Building a better world for children
Pope Francis gathered 50,000 children from 100 countries to celebrate the historic first World Children’s Day in Rome’s Olympic Stadium on Saturday, May 25, and in St. Peter’s Square on Sunday, May 26.
It was the first and the greatest gathering of children since United Nation established the Universal Children’s Day in 1954; the first since the UN’s Declaration of the Rights of the Child in 1959; the first since the UN General Assembly adopted the Convention on the Rights of the Child in 1989.
Of course, it did not have anything to do with the UN’s initiatives per se. But it had so much to do with advocating, promoting and building a better world for children. It was only in December 2023 when Pope Francis contemplated on celebrating a World Children’s Day in order to get the world’s attention to the pitiful situation of about 2.3 billion of world’s children who are in the thick of poverty, conflict situations, forcible displacement and the worsening effects of environmental degradation.
Since he assumed the Petrine ministry in 2013, Pope Francis had been deeply concerned with the suffering of children worldwide. Addressing to about 30,000 young people at the University of Santo Tomas during his visit to the Philippines in January 2015, he was visibly touched with the question of a 12-year old Glyzelle Palomar, who tearfully recounted a tender life spent to forage for food from the garbage and to sleep on cardboards on the streets, who sobbed “Why did God let this happen to us?”

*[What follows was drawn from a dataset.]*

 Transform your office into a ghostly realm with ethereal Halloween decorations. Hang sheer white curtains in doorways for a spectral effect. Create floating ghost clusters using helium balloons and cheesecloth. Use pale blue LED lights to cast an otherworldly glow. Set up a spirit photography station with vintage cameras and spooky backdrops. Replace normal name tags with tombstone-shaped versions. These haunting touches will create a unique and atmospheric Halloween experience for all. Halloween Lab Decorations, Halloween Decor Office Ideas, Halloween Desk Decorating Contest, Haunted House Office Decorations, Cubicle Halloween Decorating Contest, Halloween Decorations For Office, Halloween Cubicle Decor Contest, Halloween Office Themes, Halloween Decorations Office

The Holy Father responded, “Dear young boys and girls, today’s world doesn’t know how to cry. The emarginated people, those left to one side, are crying. Those who are discarded are crying. But we don’t understand much about these people in need. Certain realities of life we only see through eyes cleansed by our tears. I invite each one here to ask yourself: have I learned how to weep? Have I learned how to weep for the emarginated or for a street child who has a drug problem or for an abused child? Unfortunately there are those who cry because they want something else. This is the first thing I want to say: let us learn how to weep as she has shown us today and let us not forget this lesson. The great question of why so many children suffer, she did this in tears. The response that we can make today is: let us really learn how to weep.”
Of late, the Pope has become increasingly disturbed with the plight of children in war, such as the killing and wounding of so many children in the ongoing attack of Russia on Ukraine since October 7, 2023, and the deaths of more than 15,000 Palestinian children in the ongoing conflict in Gaza where more than 47 percent of the population is under the age of 18.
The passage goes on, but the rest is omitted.